**To do:**
Could you please transcribe the data exactly, without the pictures?
━━ Provided material ━━
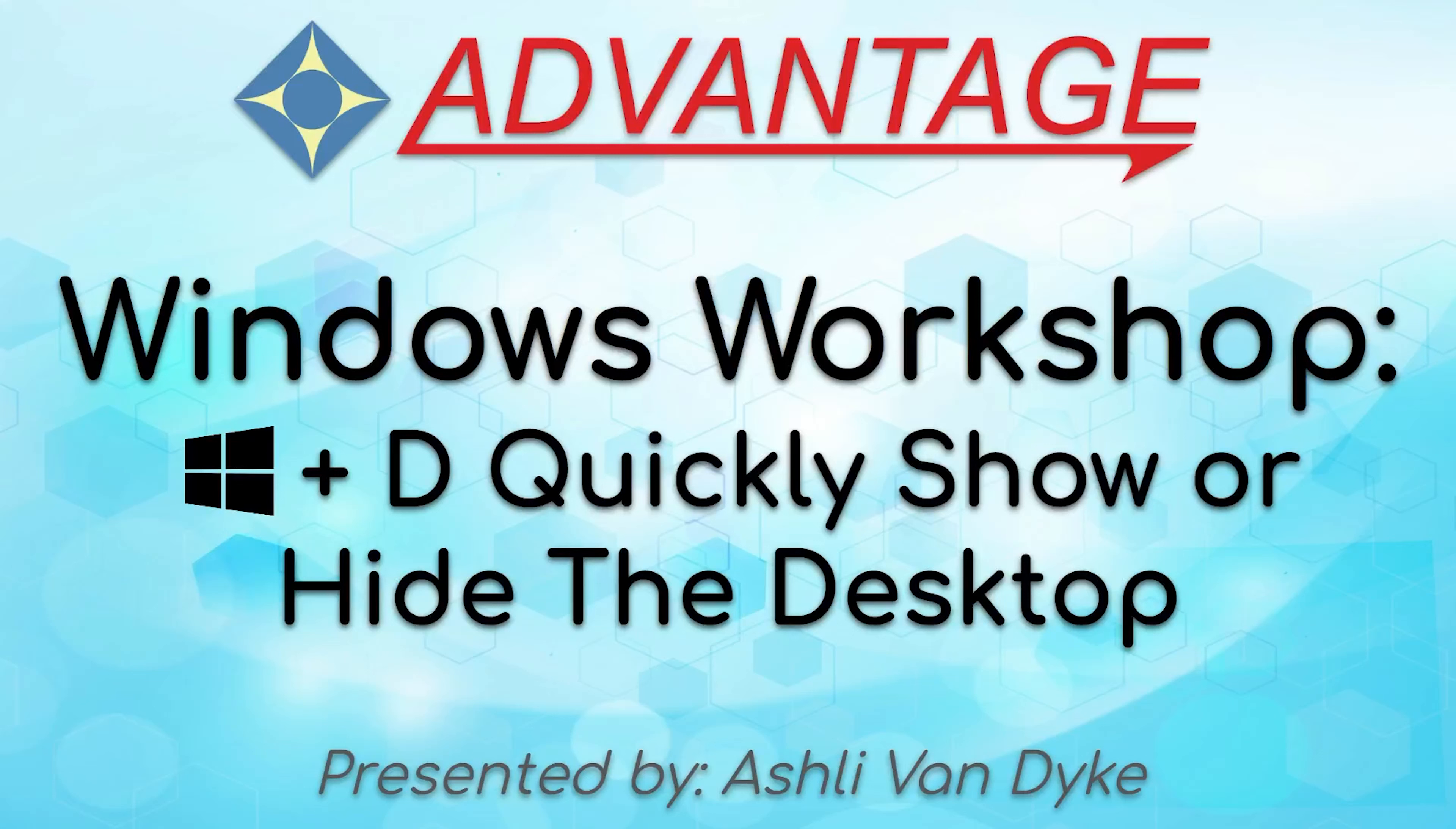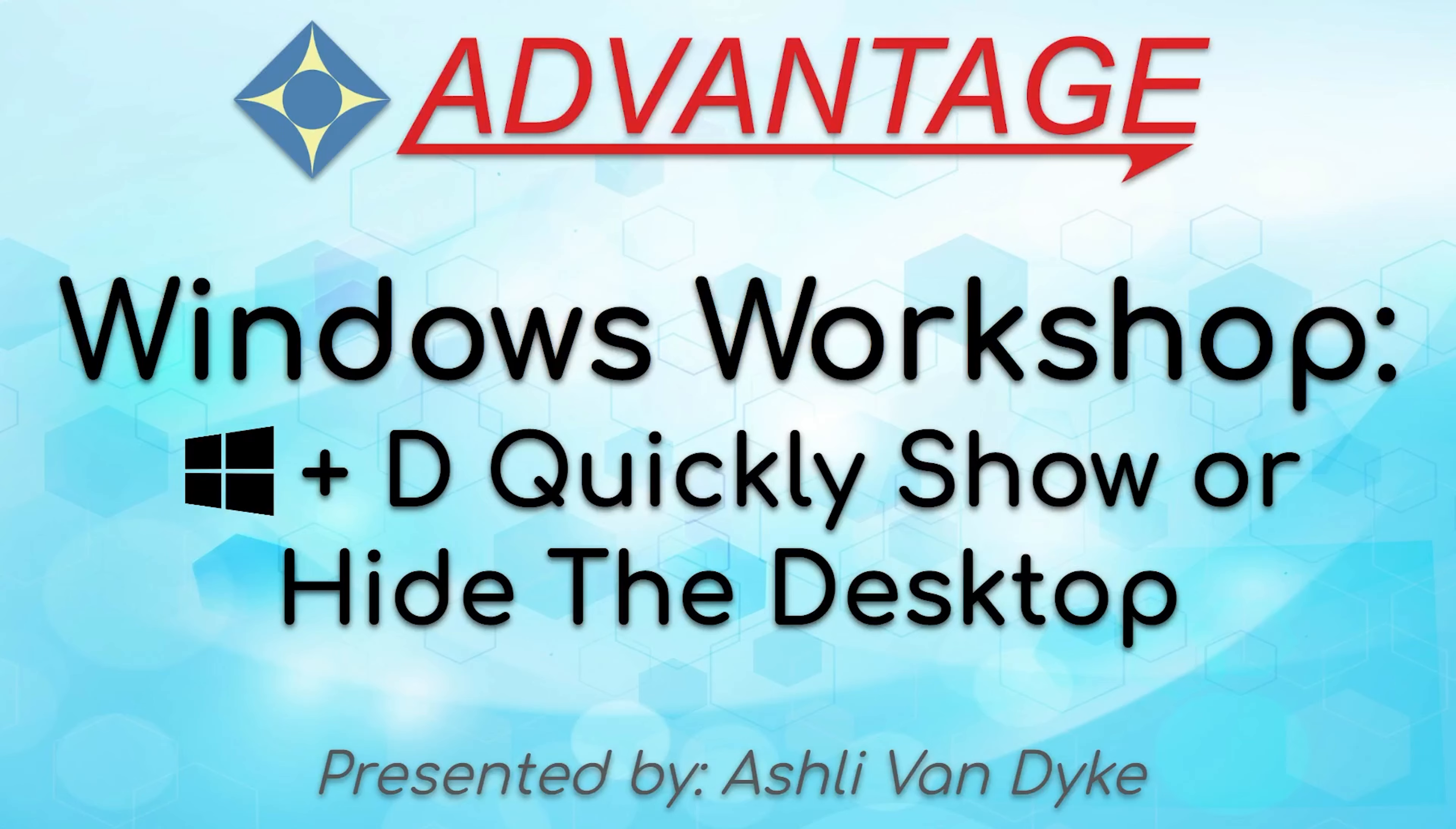Hello and thank you for watching. I'm Ashley Van Dyke with Advantage Software, and on today's video, Windows Workshop, Windows Key plus D, I'm going to show you how you can quickly show or hide your desktop.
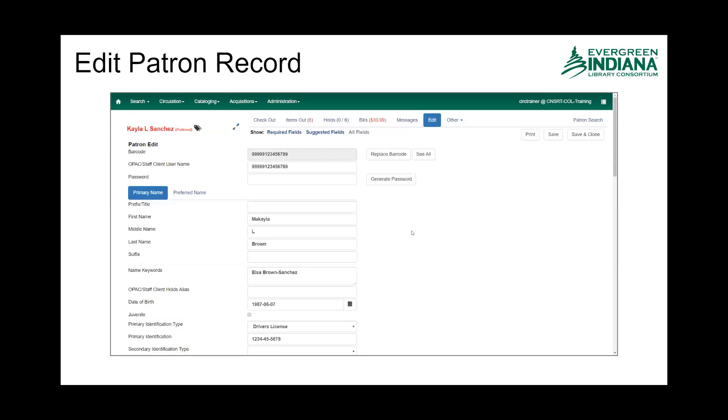Kayla did not show up because her primary name is Michaela Brown. But you can see here that in the Patron Record Summary, it is the preferred name, if there is one entered, that shows up at the head of that account in the summary.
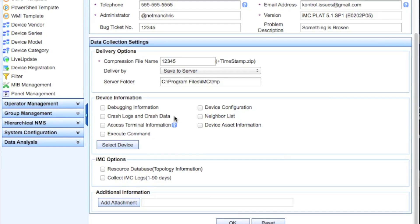Let's look at what we can actually pull out here. Debugging information — you can automatically pull some debugging information from devices, and depending on what kind of device you're running, this may do a debug SNMP destination session, show logging, those kind of commands. You've got the device configuration, which is something any TAC engineer will always ask you for — the equivalent of a display current configuration on a Comware device, a show running-config on a ProCurve legacy device, or a show running-config on a Cisco device. This does support Cisco. You also have crash logs and crash data, which is the equivalent of a display diagnostic information or a show tech from a ProCurve or Cisco standpoint.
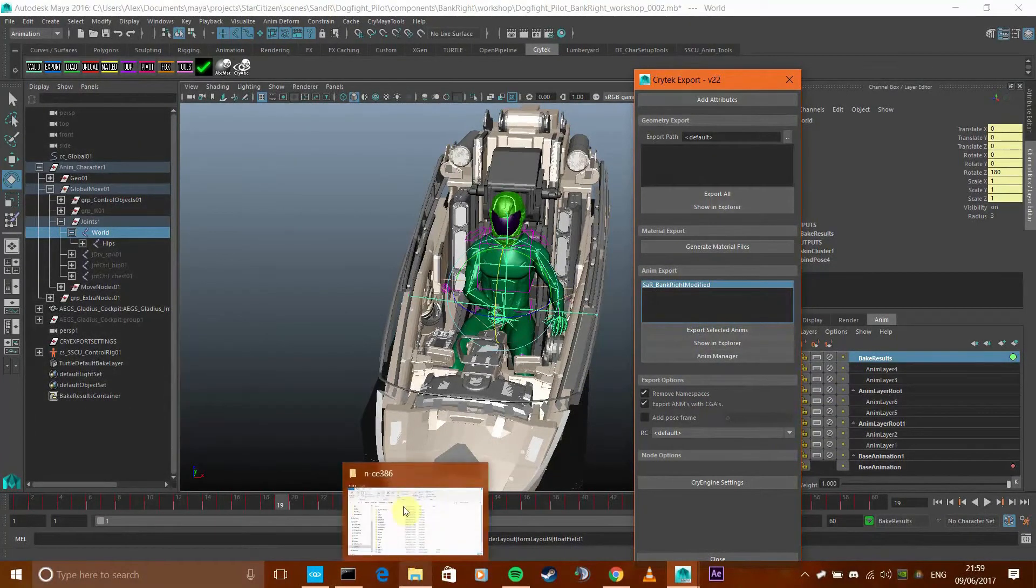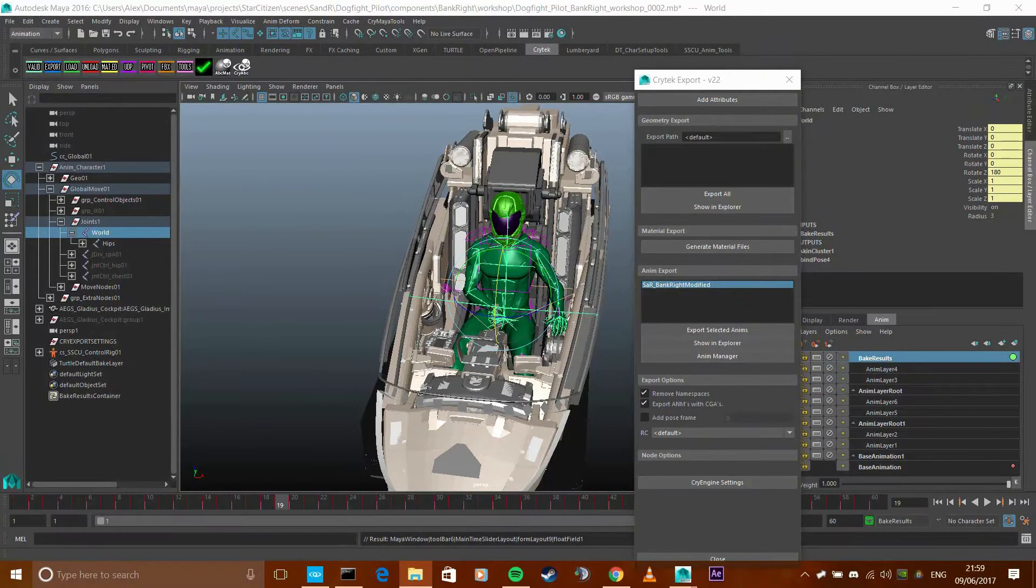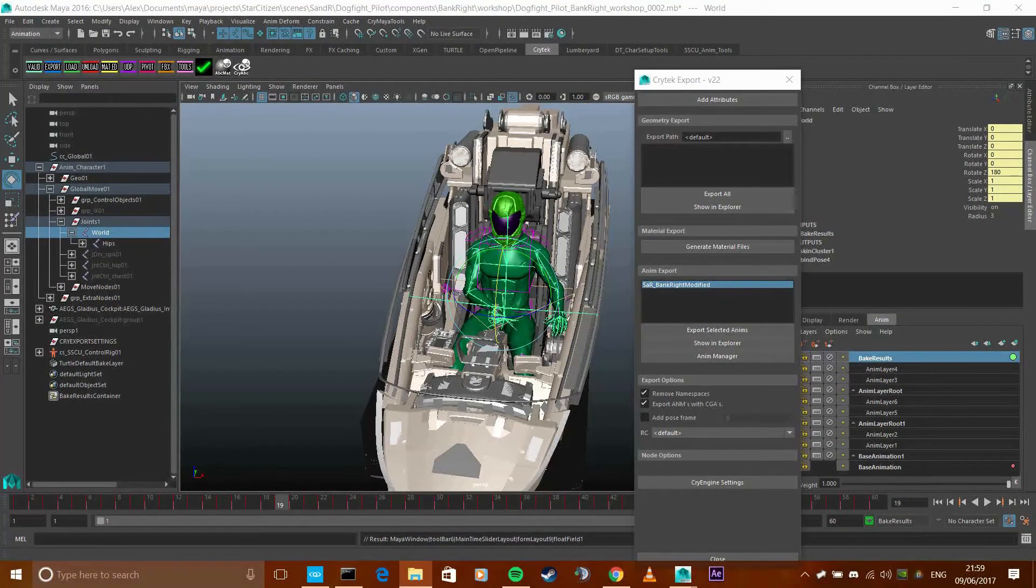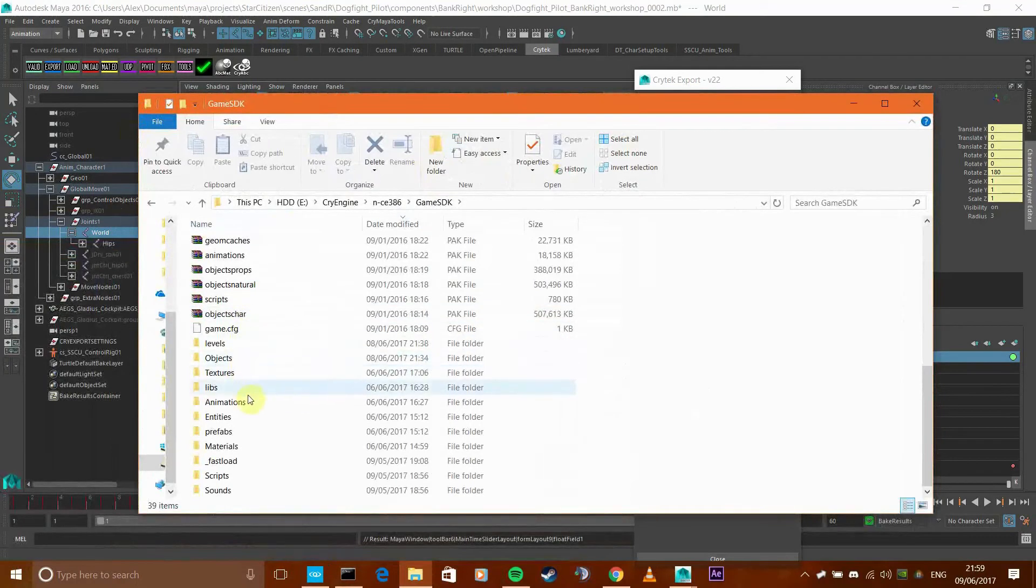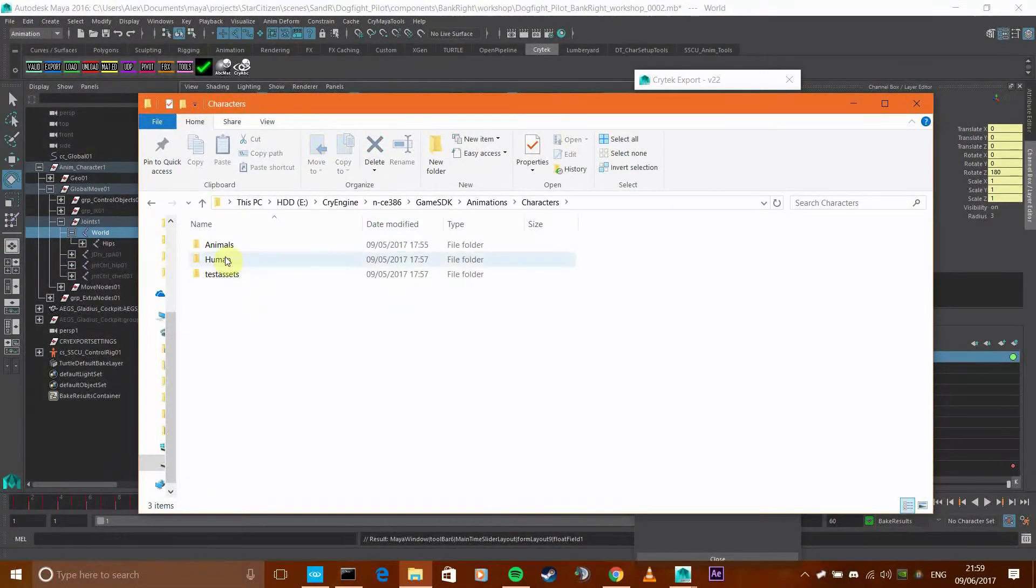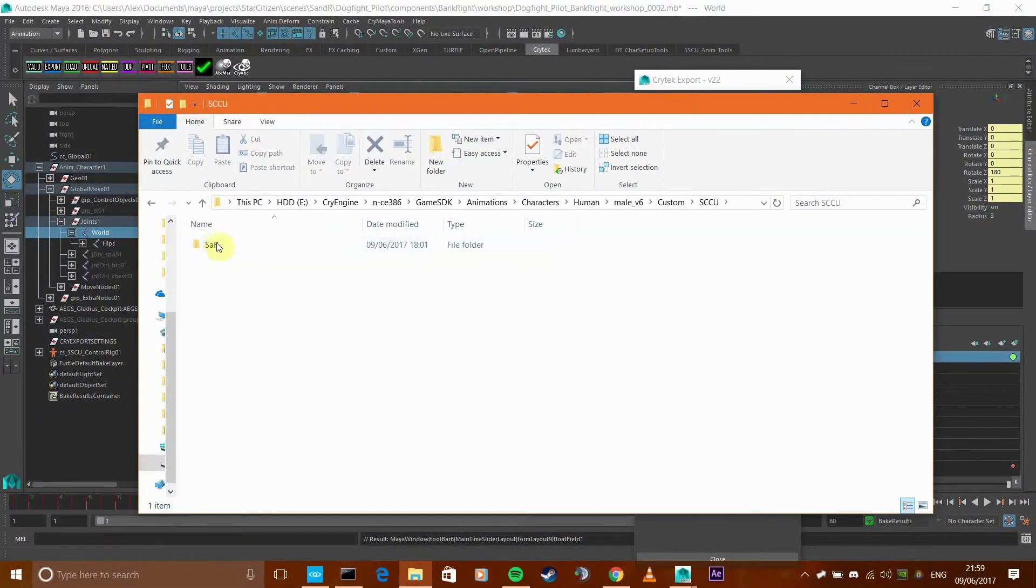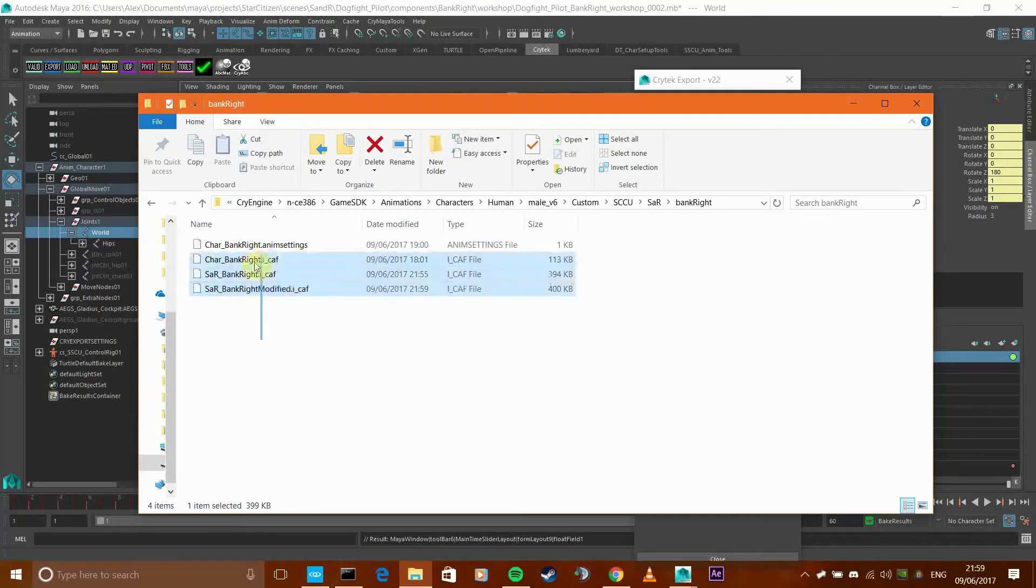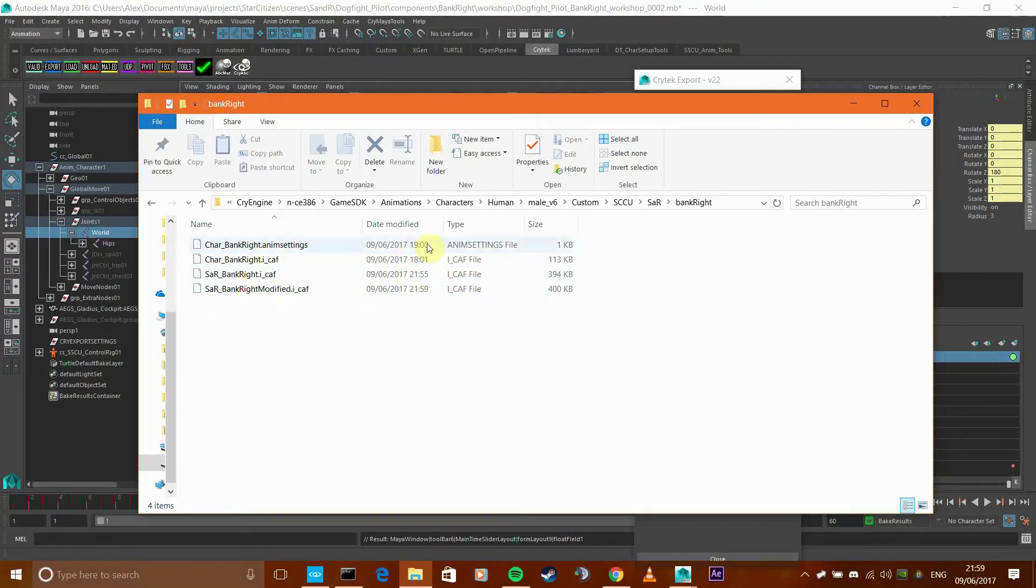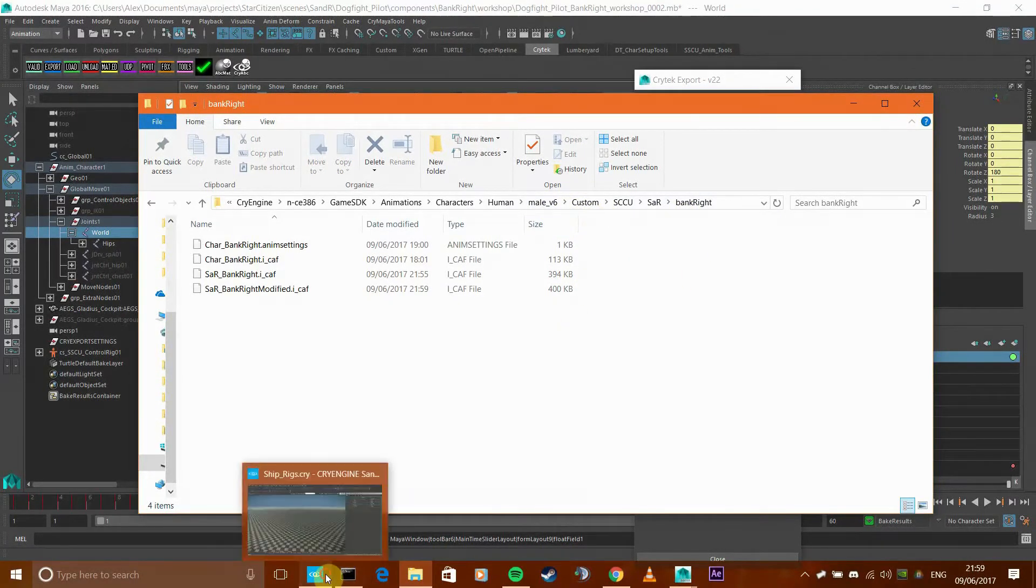So that's it, exported. Now we should see it. If I go into explorer, go to game SDK, animations, characters, human, V6, and custom. There we go, the animation should be there. So that's it. So provided you put it in the game SDK folder under male V6 or male, it will show up in the character editor.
━━━
**Your response:**
Hello and thank you for watching. I'm Ashley Van Dyke with Advantage Software, and on today's video, Windows Workshop, Windows Key plus D, I'm going to show you how you can quickly show or hide your desktop.
Kayla did not show up because her primary name is Michaela Brown. But you can see here that in the Patron Record Summary, it is the preferred name, if there is one entered, that shows up at the head of that account in the summary.
Let's look at what we can actually pull out here. Debugging information — you can automatically pull some debugging information from devices, and depending on what kind of device you're running, this may do a debug SNMP destination session, show logging, those kind of commands. You've got the device configuration, which is something any TAC engineer will always ask you for — the equivalent of a display current configuration on a Comware device, a show running-config on a ProCurve legacy device, or a show running-config on a Cisco device. This does support Cisco. You also have crash logs and crash data, which is the equivalent of a display diagnostic information or a show tech from a ProCurve or Cisco standpoint.
So that's it, exported. Now we should see it. If I go into explorer, go to game SDK, animations, characters, human, V6, and custom. There we go, the animation should be there. So that's it. So provided you put it in the game SDK folder under male V6 or male, it will show up in the character editor.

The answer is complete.